А мы читаем в его обезображенном внутренним страхом лице, во взгляде, устремленном на пол, в его усталой позе великую, в тот век еретическую мысль Спинозы - человек человеку Бог. И мы понимаем, что рождена эта мысль бессонными ночами исстрадавшегося и морально опустошенного человека, в муках ищущей истины честной и совестливой души. Не вычитанная в Библии, а выстраданная жизнью мысль запрятана в этом отрешенном опущенном взгляде задернутых поволокой глаз, в глубоких морщинах около скорбного полуоткрытого рта. Этот человек многое испытал в жизни. Он травил Спинозу? Но не оттого ли были бессонные ночи потом, когда подергивался пеплом фанатизм и начинала синеть, как солнце до восхода, истина?

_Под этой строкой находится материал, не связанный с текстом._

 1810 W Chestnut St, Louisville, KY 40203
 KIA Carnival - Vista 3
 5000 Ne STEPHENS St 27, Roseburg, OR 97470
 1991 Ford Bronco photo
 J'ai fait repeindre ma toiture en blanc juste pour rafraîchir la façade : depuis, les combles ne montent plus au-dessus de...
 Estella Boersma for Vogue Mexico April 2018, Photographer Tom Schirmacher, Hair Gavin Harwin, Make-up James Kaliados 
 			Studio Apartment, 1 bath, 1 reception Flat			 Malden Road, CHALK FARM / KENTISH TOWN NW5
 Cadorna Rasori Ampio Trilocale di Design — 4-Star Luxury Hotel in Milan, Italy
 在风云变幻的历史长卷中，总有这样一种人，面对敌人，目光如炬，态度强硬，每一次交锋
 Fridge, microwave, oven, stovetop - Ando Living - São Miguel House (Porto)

Запечатлев в прекрасном портрете смотрящую в упор на зрителя упрямую и властную старуху в белом чепце, госпожу Елизавету Бас (амстердамский Рейксмузеум, 1642-ой год) и великолепно передав ее характер твердой и уверенной кистью, Рембрандт доставляет себе радость еще раз воскресить Саскию (1643-ий год, Берлин) и своего друга Сильвиуса (1644-ый год, коллекция Карстаньена). К этим картинам Рембрандт присоединил новые автопортреты (музеи Кембриджа, Лейпцига и Карлсруэ), и эти полотна совершенно интимного характера напоминали Рембрандту его прекрасное прошлое.
Высота посмертного портрета Саскии семьдесят два, ширина пятьдесят девять сантиметров. Саския изображена по пояс на нейтральном фоне, в темной одежде, с легкой полуулыбкой; она смотрит на нас сквозь полуприкрытые веки. На ней пышный черный головной убор, и волосы стали темными, почти черными; ее шею, плечи и виднеющуюся внизу кисть левой руки покрывают драгоценные ожерелья и браслеты.
Всего один год лелеяла и пестовала она последнего, единственного оставшегося в живых маленького темноглазого Титуса, и как же счастлива она была! Целый год она изо всех сил боролась, стараясь отдалить свой конец; она не хотела оставлять сиротой беспомощное существо, не хотела ввергнуть в отчаяние Рембрандта. Но с каждым днем она угасала, страдала все сильнее и навеки уснула на роскошном широком ложе, на котором с тех пор никто уже не спал. Она навсегда покинула Рембрандта, и он сам вынес ее из дому.
Этого ему никогда не забыть. Порой воспоминания доводили его до отчаяния, дурманили голову. Саския! Саския! Я так одинок! Зачем я живу, что привязывает меня к тем, кто пережил тебя? Я смертельно устал. Я грешил, Саския; у меня были связи с другими женщинами. Я не любил их; я всюду искал одну тебя. Саския! Саския! Прости меня за все! Жизнь моя кончена. Я больше не в силах работать, не в силах молиться. Позови меня, и я приду. Здесь мрак, глубокая тьма. Саския! Саския!